◆ TASK INSTRUCTIONS ◆
Please output exactly the lines below, starting at the line that has "Car Vehicle Automotive" and ending at the line that has "COMMERCIAL SEATING PRODUCTS", both included; leave out all pictures and include nothing else.

◆ DATA RECORDS ◆
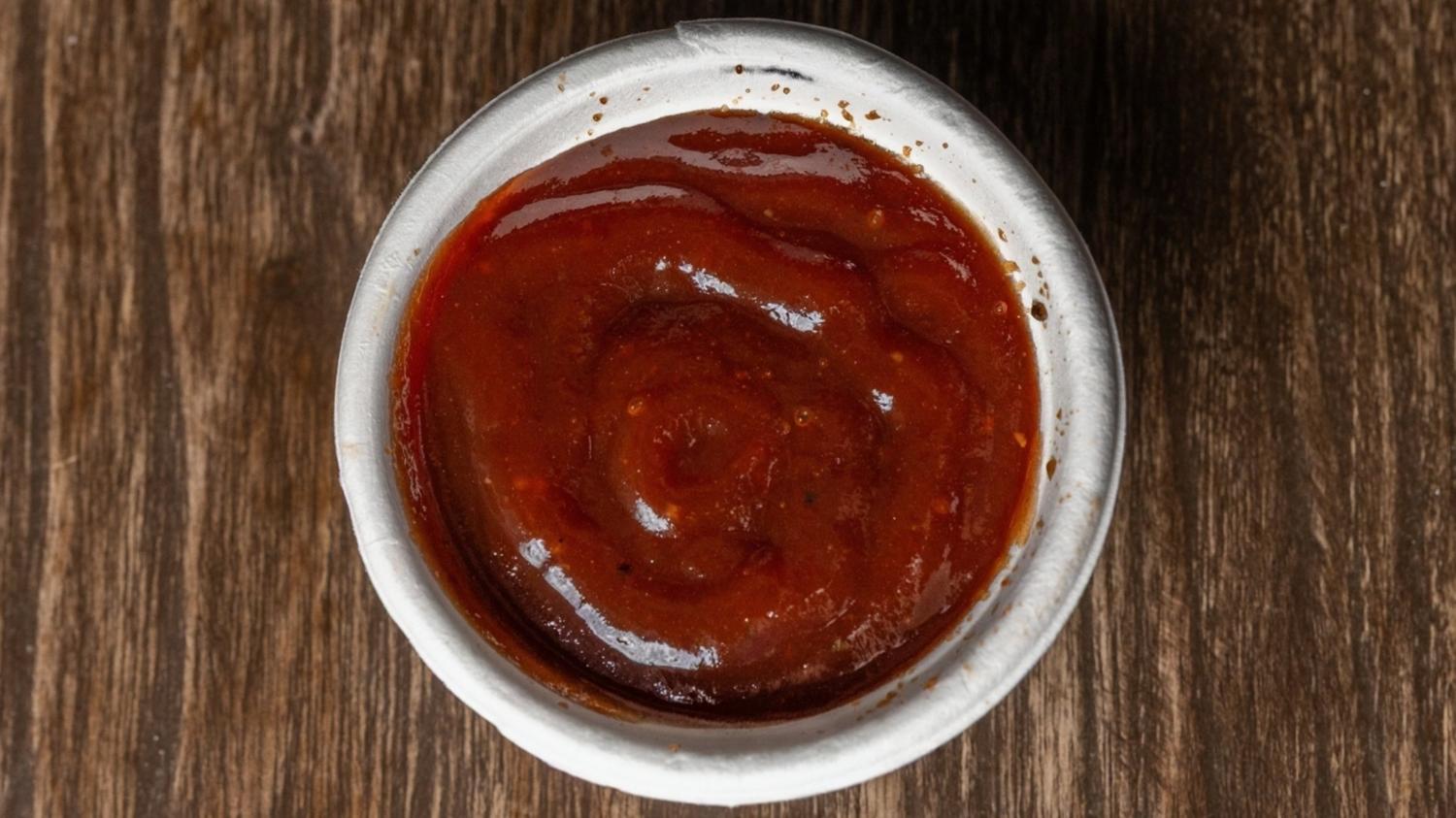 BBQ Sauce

...

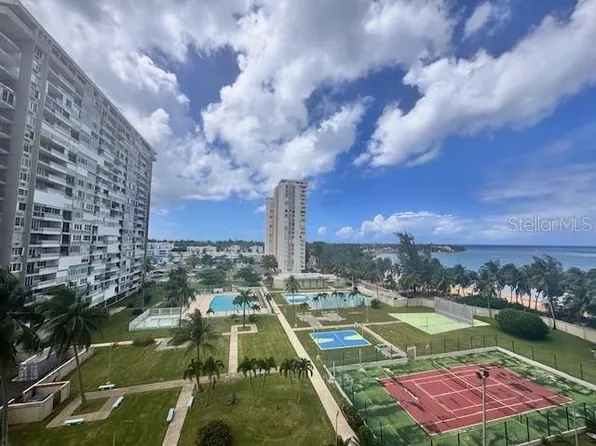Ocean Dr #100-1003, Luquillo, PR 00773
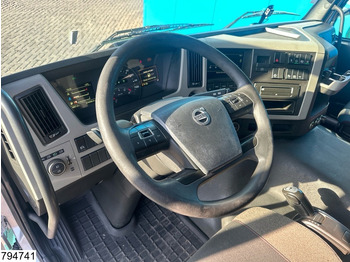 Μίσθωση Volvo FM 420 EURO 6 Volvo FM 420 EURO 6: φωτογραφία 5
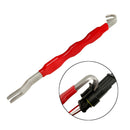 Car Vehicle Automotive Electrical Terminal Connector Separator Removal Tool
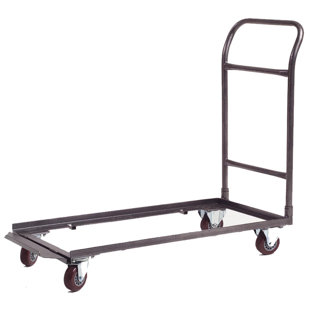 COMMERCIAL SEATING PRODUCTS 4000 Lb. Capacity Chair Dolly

◆ EXPECTED ANSWER ◆
 Car Vehicle Automotive Electrical Terminal Connector Separator Removal Tool
 COMMERCIAL SEATING PRODUCTS 4000 Lb. Capacity Chair Dolly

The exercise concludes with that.